Terror y zozobra en frontera entre Honduras y Nicaragua

rio coco

El temor reina en tres poblados en el corredor fronterizo del río Coco Segovia, entre Honduras y Nicaragua, ante las supuestas amenazas de grupos armados  que estarían colaborando con el narcotráfico.  (La Prensa de Honduras)

Vecinos de las comunidades San Pedro, El Carrizal y Santa Isabel pertenecientes a Nicaragua claman por ayuda y piden que los Ejércitos de ambos países que controlen el sector antes de que la sangre siga corriendo.

Diario La Prensa de Nicaragua publicó la semana anterior una reportaje que detalla la situación en las tres comunidades.

La publicación menciona que los ataques se han intensificado después de la muerte del nicaragüense Vinicio Martínez, junto con sus cuatro hijos, a manos de un grupo denominado narcos liderado supuestamente por hondureños.

Martínez fue asesinado en diciembre, y desde entonces los narcos comenzaron a delinquir de manera abierta contra todos los habitantes del sector, según las denuncias.

LA PRENSA contactó a Ramiro Archaga, comandante de la Fuerza de Tarea Conjunta General Paz García, asentada en La Mosquitia, quien informó que  se hacen coordinaciones conjuntas con el Ejército nicaragüense para vigilar la zona y que están atentos ante cualquier movimiento irregular en la zona.

La denuncias

Diario La Prensa de Nicaragua registra las denuncias de varios pobladores de río Coco arriba, en Waspam, sobre la grave situación de inseguridad que enfrentan, debido a la presencia de un remanente de nativos hondureños que aparentemente colaboraban con el narcotráfico en la comunidad hondureña Awasbila, dividida con comunidades indígenas de Nicaragua por las aguas del río.

En su relato, los pobladores aseguran que la situación se agudizó en el pasado diciembre cuando los hombres armados asesinaron a Vinicio Martínez y sus cuatro hijos, todos nicaragüenses, quienes se radicaban en este poblado de la Mosquitia hondureña.

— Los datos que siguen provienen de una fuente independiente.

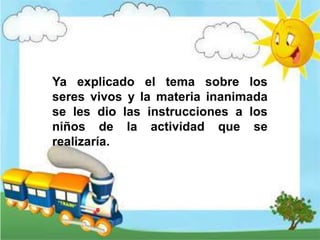Ya explicado el tema sobre los
seres vivos y la materia inanimada
se les dio las instrucciones a los
niños de la actividad que se
realizaría.
 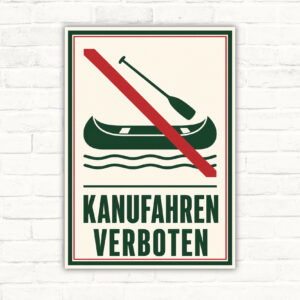 Kanufahren verboten Schild mit Kanu, Paddel und rotem Verbotsstrich als bedrucktes Verbotsschild.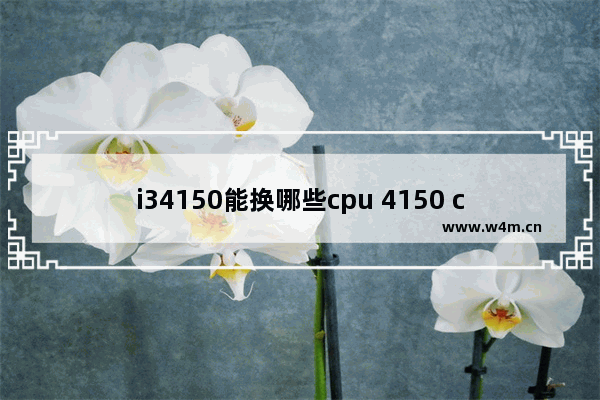 i34150能换哪些cpu 4150 cpu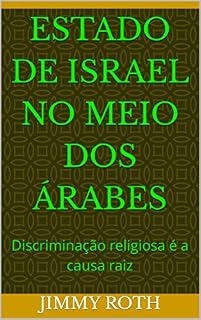 Livro Estado de Israel no meio dos árabes: Discriminação religiosa é a causa raiz
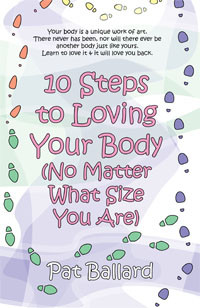 10 Steps to Loving Your Body (No Matter What Size You Are) by Pat ...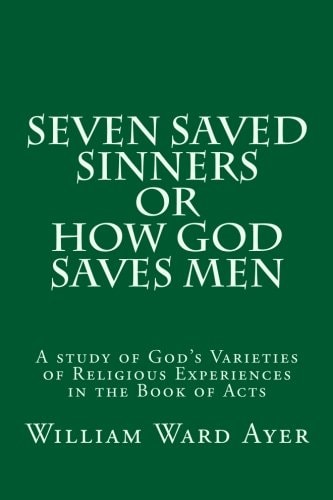 Seven Saved Sinners Or How God Saves Men A Study of God's Varieties of Religious Experiences in the Book of Acts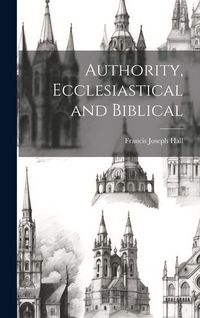 Produktbild: Authority, Ecclesiastical and Biblical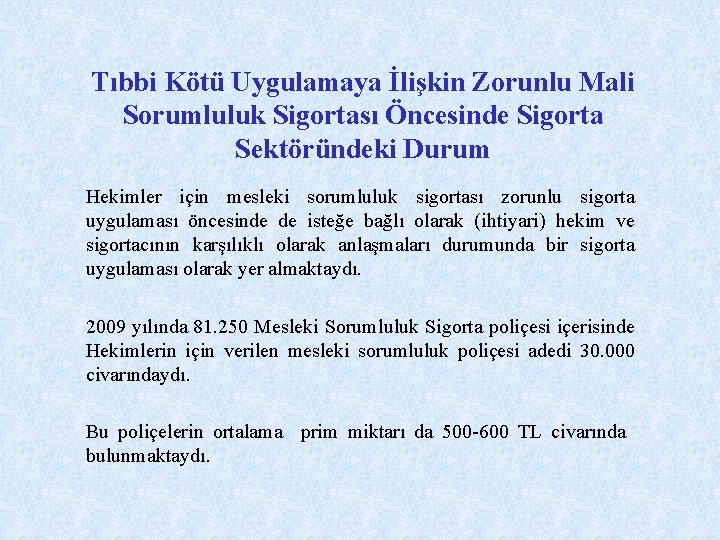 Tıbbi Kötü Uygulamaya İlişkin Zorunlu Mali Sorumluluk Sigortası Öncesinde Sigorta Sektöründeki Durum Hekimler için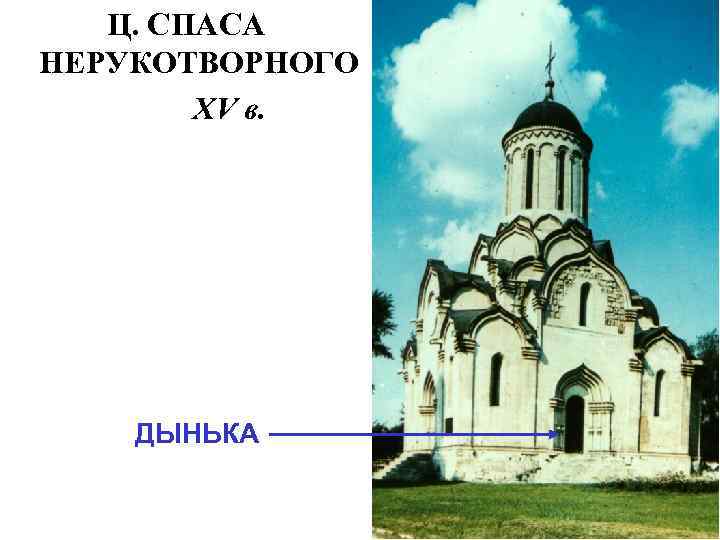Ц. СПАСА НЕРУКОТВОРНОГО XV в. ДЫНЬКА 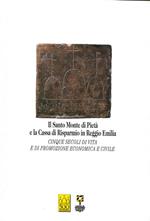 Il Santo Monte di Pietà e la Cassa di Risparmio in Reggio Emilia. Cinque secoli di vita e promozione economica e civile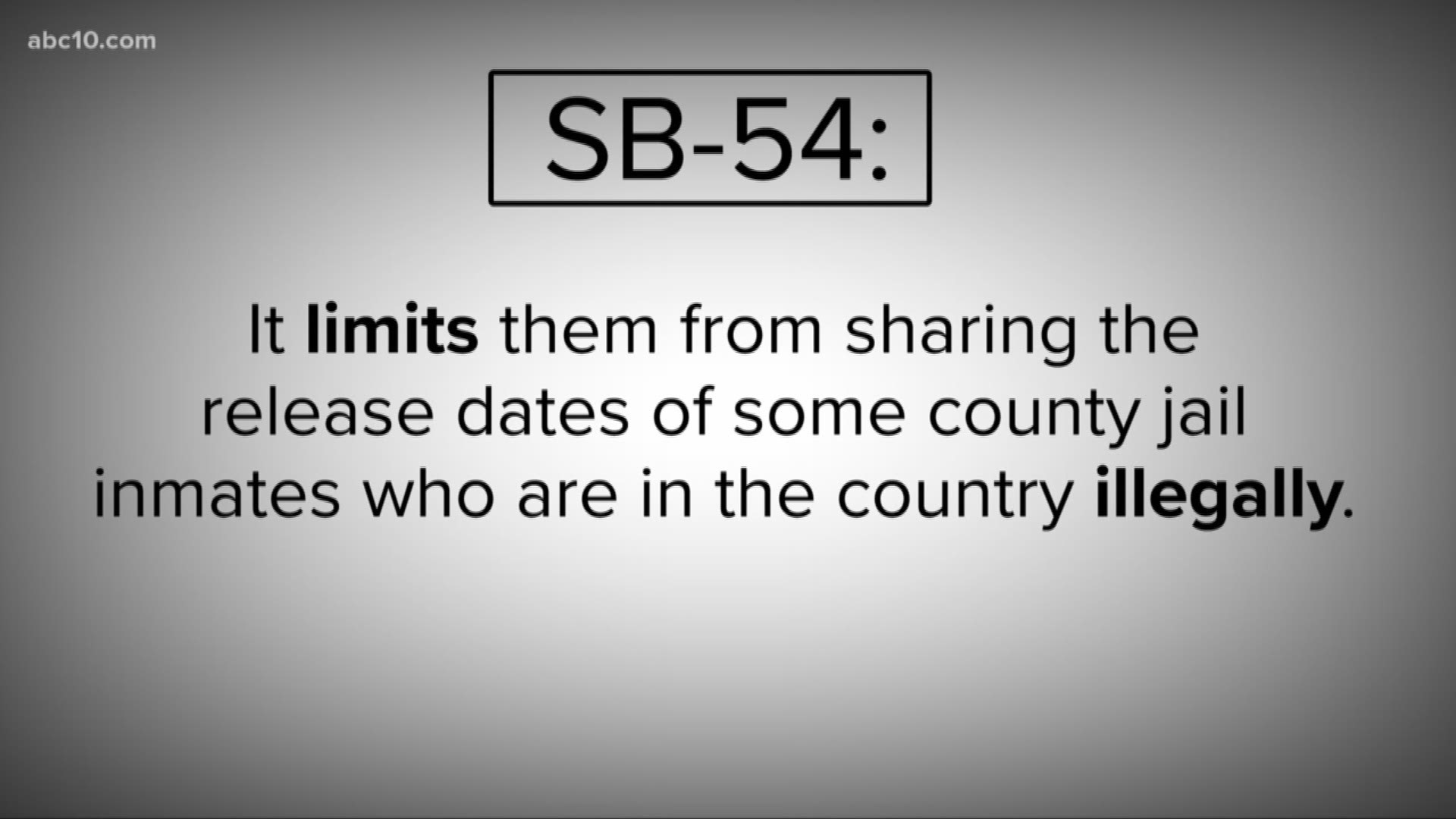 Senate Bill 54 is known as the California Values Act or the "Sanctuary State" bill. It impacts law enforcement and, according to the United States Department of Justice, allegedly interferes with the ability of federal immigration authorities to carry out their jobs.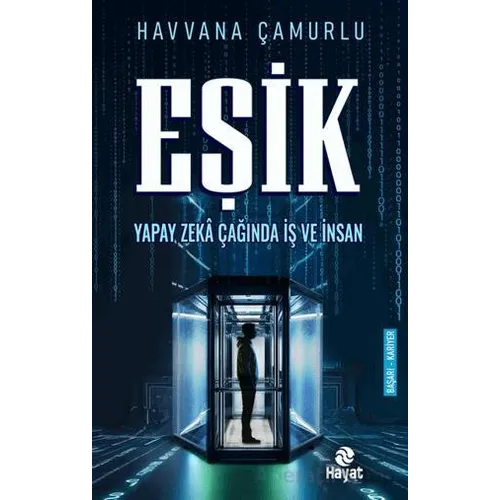 Eşik Yapay Zeka Çağında İş ve İnsan - Havvana Çamurlu - Hayat Yayınları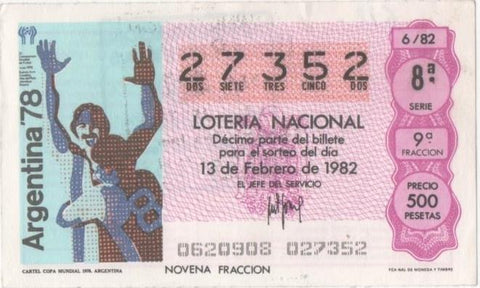 Loteria E00612: hoja nº 41. Loteria Nacional. Nº 27352, serie 8ª, fracción 9ª, precio 500 pesetas, sorteo 6/82 del 13 de Febrero de 1982. Cartel Copa Mundial 1978. Argentina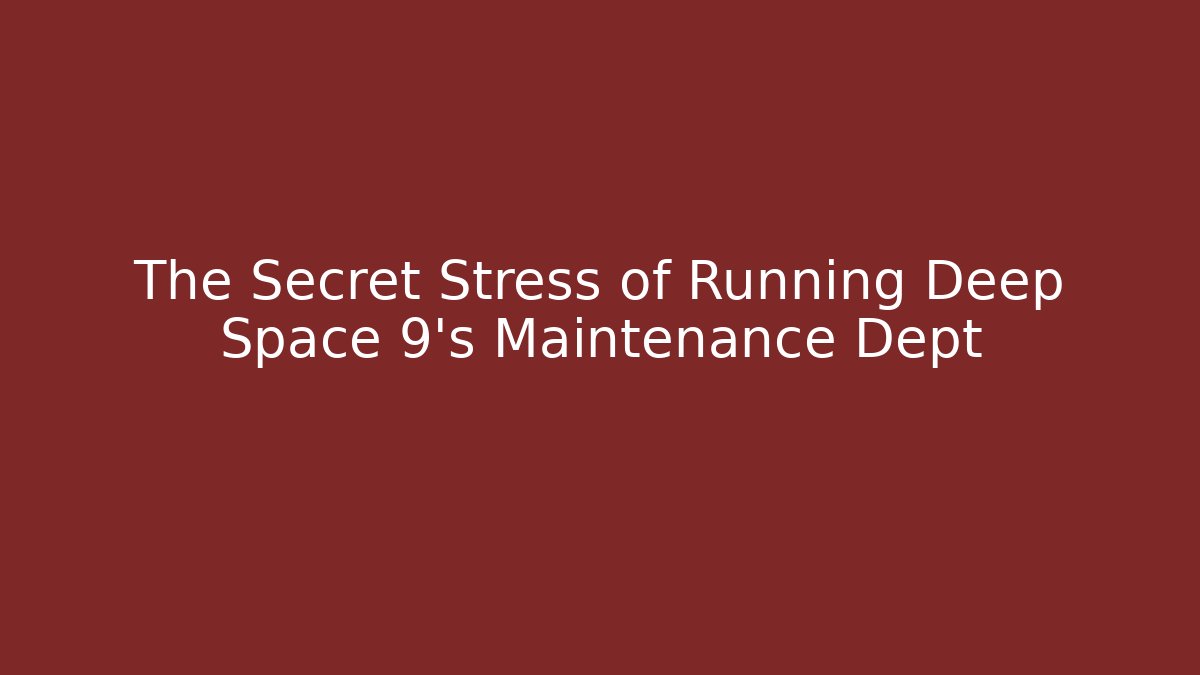 The Secret Stress of Running Deep Space 9's Maintenance Dept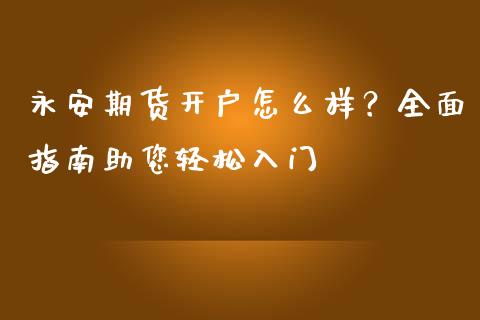 永安期货开户怎么样？全面指南助您轻松入门_https://cj002.lansai.wang_金融问答_第1张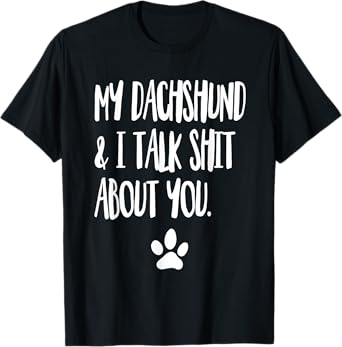 My Dachshund And I Talk Shit About You Funny Dog Offensive Men Women T-Shirt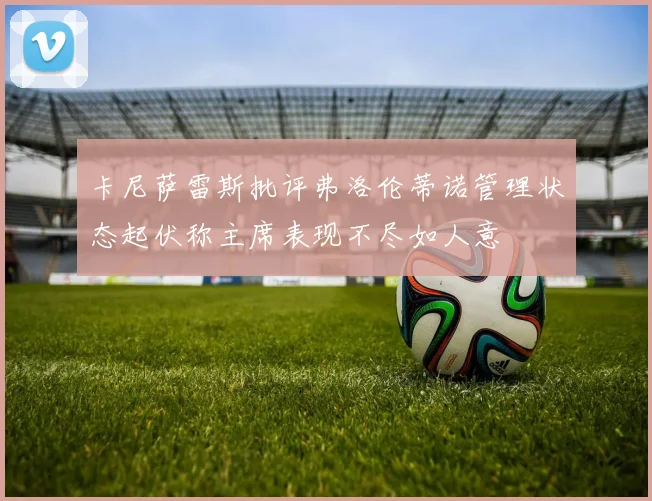 卡尼萨雷斯批评弗洛伦蒂诺管理状态起伏称主席表现不尽如人意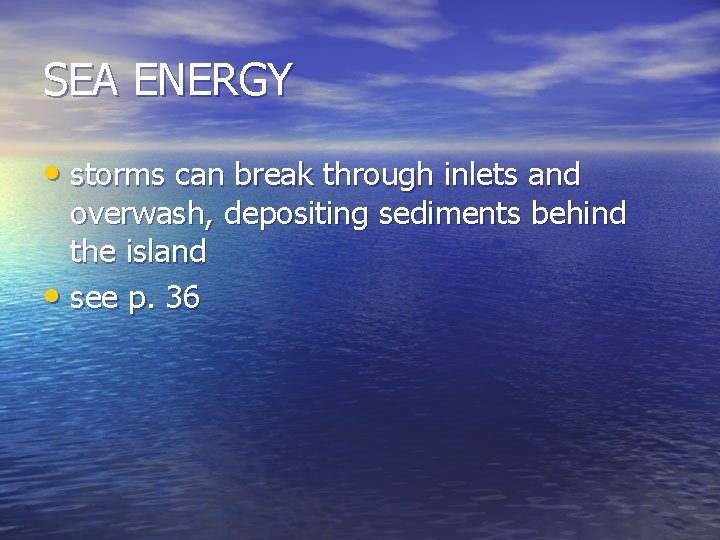 SEA ENERGY • storms can break through inlets and overwash, depositing sediments behind the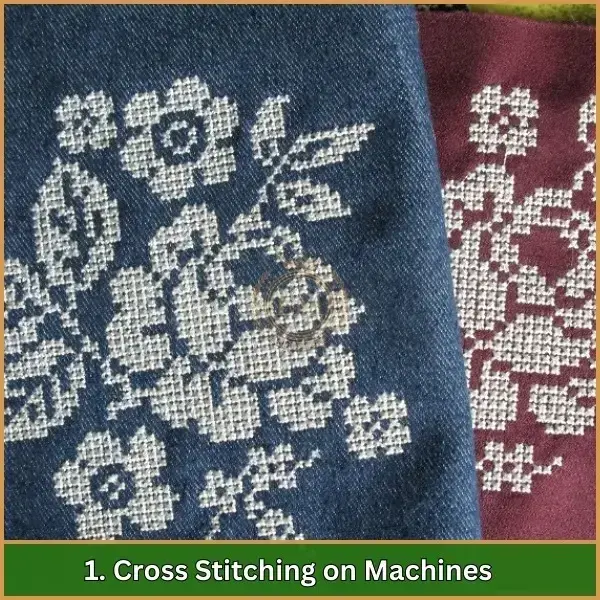 Cross Stitching on Machines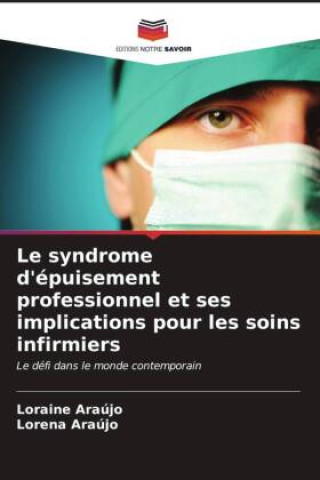 Boek Le syndrome d'épuisement professionnel et ses implications pour les soins infirmiers Loraine Araújo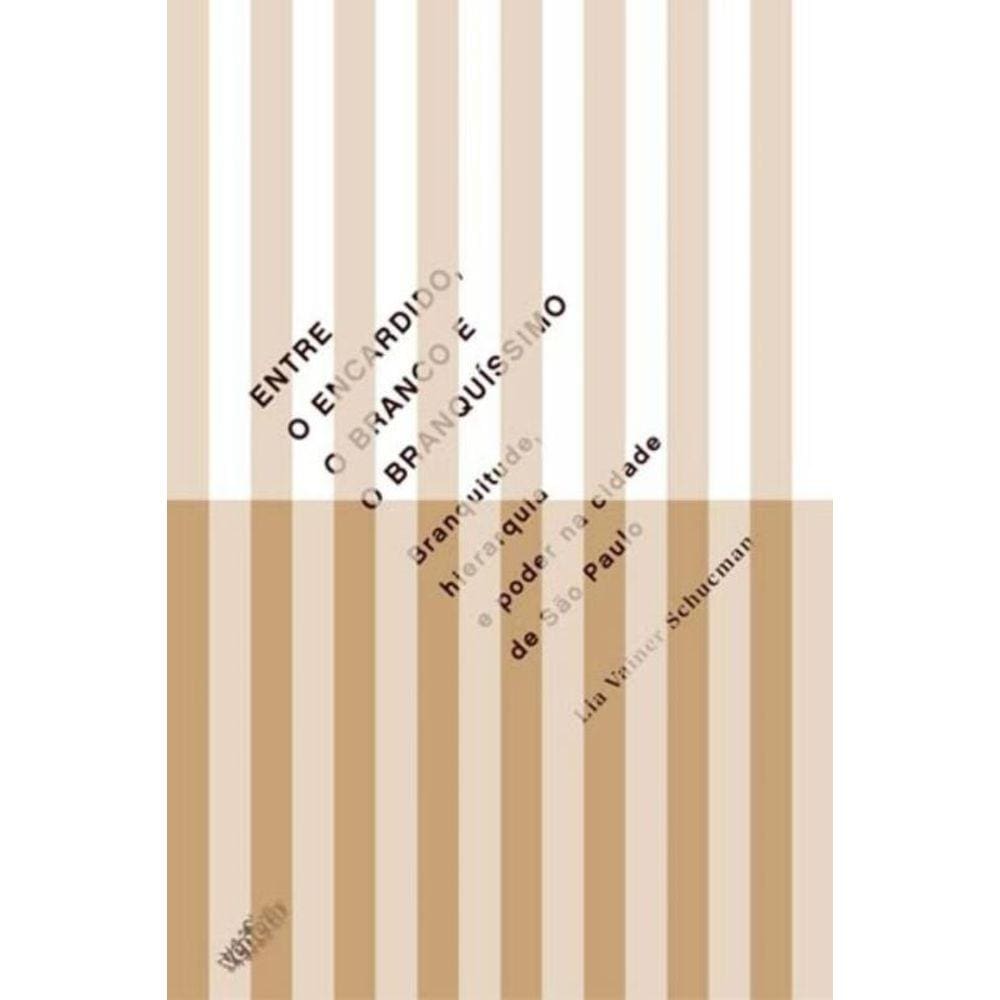 Entre o Encardido, O Branco e o Branquíssimo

Los denunciantes relataron que tras el asesinato de Martínez y sus hijos, el resto de la familia huyó hacia las comunidades nicaragüenses y cuando dos hijos del occiso buscaban atención médica, los hombres armados cruzaron el río en territorio nicaragüense, los persiguieron y se los llevaron.

Según las informaciones, los muchachos aparecieron muertos días después en el lugar y fueron enterrados en San Pedro.

Después de esta matanza, los pobladores de San Pedro, El Carrizal y Santa Isabel viven aterrorizados, y supuestamente han sido amenazados por los delincuentes armados, quienes ante la posibilidad que los pobladores venguen la muerte de la familia, toman medidas y han comenzado a intimidar a las tres comunidades.

Desde la semana pasada relatan los denunciantes que los narcos cruzan de noche al lado nicaragüense  y aseguran que amenazan a la gente con quemar escuelas e iglesias; y los mantienen sitiados, por lo que nadie sale de las viviendas.

La situación llega al extremo que hay preocupación en los pobladores porque los alimentos han empezado a escasear, no pueden salir a las tierras a trabajar.

Si las autoridades no toman medidas, aseguran que o mueren del ataque de los hondureños o por la falta de alimentos.

Honduras investiga

A pesar de las serias denuncias que los pobladores ponen a  través de medios de comunicación nicaragüenses sobre que el control en la zona está bajo el dominio de los hombres armados de Honduras, en el sector aún no hay presencia militar.Ramiro Archaga coordinaba con elementos del Quinto Batallón de Infantería asignado a la zona para que se investigaran los hechos denunciados. Del lado nicaragüense se informó que a la zona se desplazaron soldados del Ejército, pero Orlando Palacios, vocero de esa institución, solo afirmó que el caso está “en exploración”.

Las comunidades afectadas desde el viernes claman por ayuda a los gobiernos de Daniel Ortega y Porfirio Lobo Sosa para que tomen acciones conjuntas, que envíen presencia militar a la zona y que se desarme a los grupos que siembran el terror de la zona. La falta de comunicación telefónica ha limitado que se informe de la serie de atropellos que comunidades hondureñas y nicaragüenses viven en la zona.

Según informes, la principal fuente de ingresos para los habitantes de La Mosquitia es el narcotráfico, de ahí que esa ilícita actividad ya es vista como una forma de trabajar. Mucha de la droga que comercializan los misquitos es la que dejan abandonada los narcotraficantes cuando son descubiertos por las autoridades en su travesía por llevar el alcaloide a los Estados Unidos.